__Action item__
All of the data should be output character for character, except the pictures.
[Data shown — start]
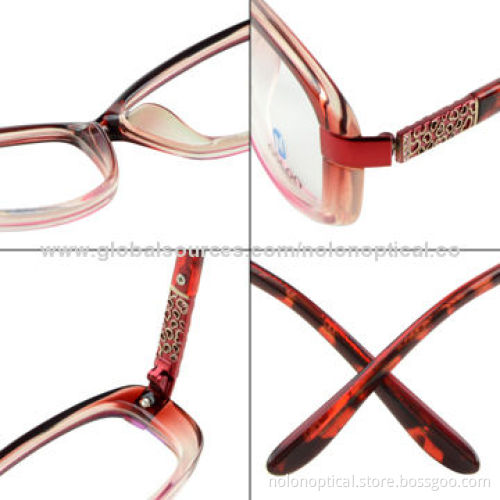 Fashion Acetate Optical Frames in Different Colors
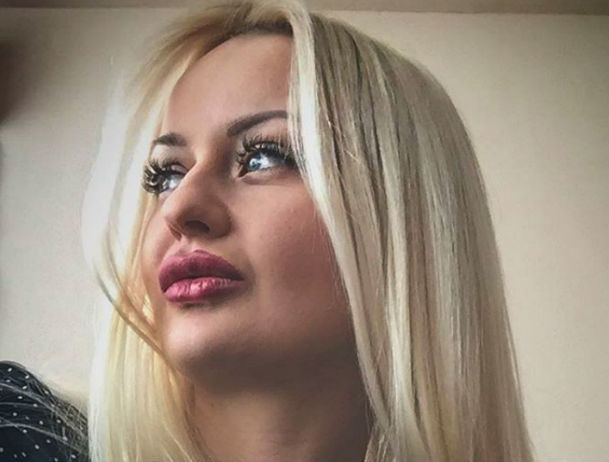 Самая красивая блондинка Украины показала личные фото
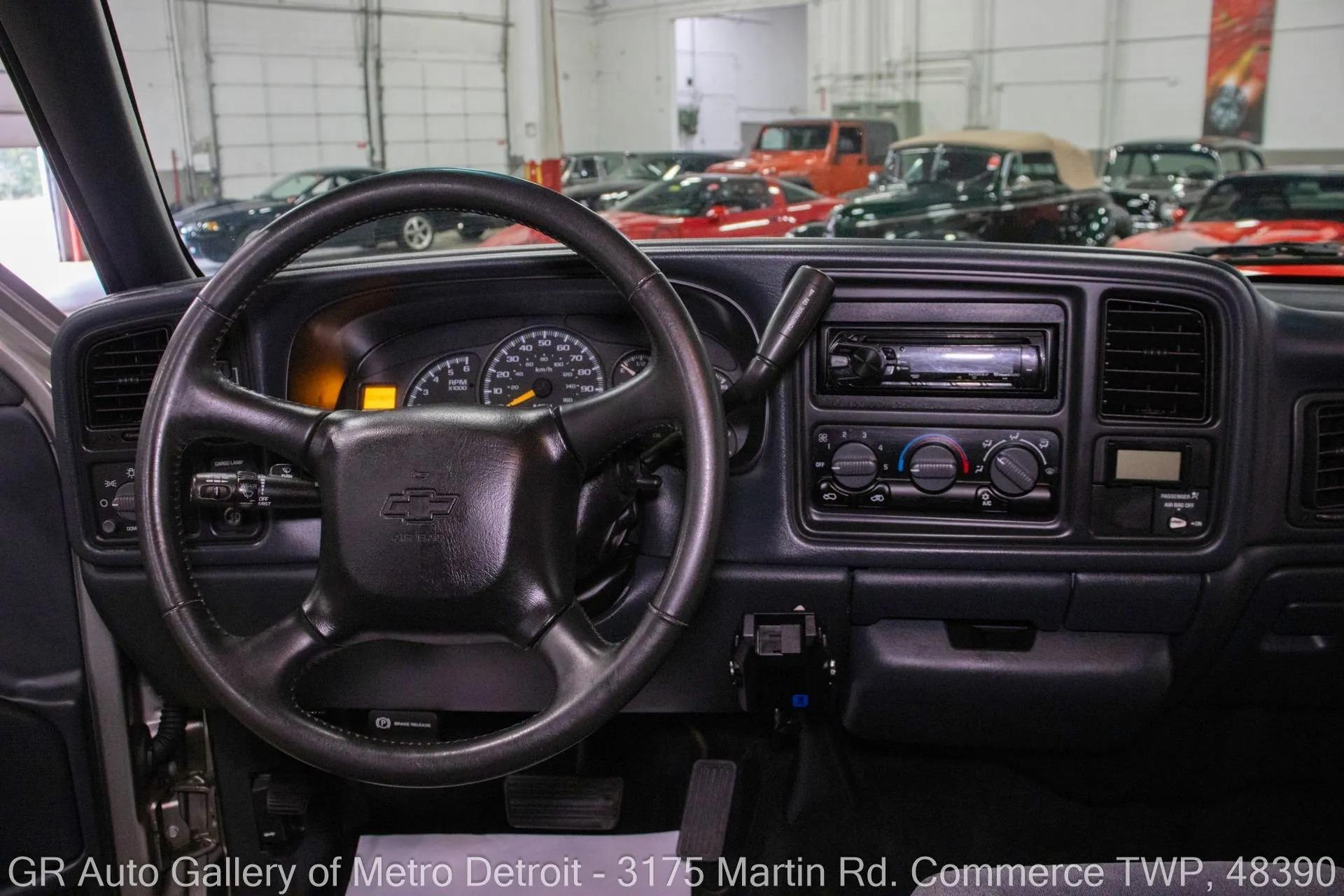 2000 Chevrolet Silverado 1500 Z-71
[Data shown — finish]
__Exercise solution__
 Fashion Acetate Optical Frames in Different Colors
 Самая красивая блондинка Украины показала личные фото
 2000 Chevrolet Silverado 1500 Z-71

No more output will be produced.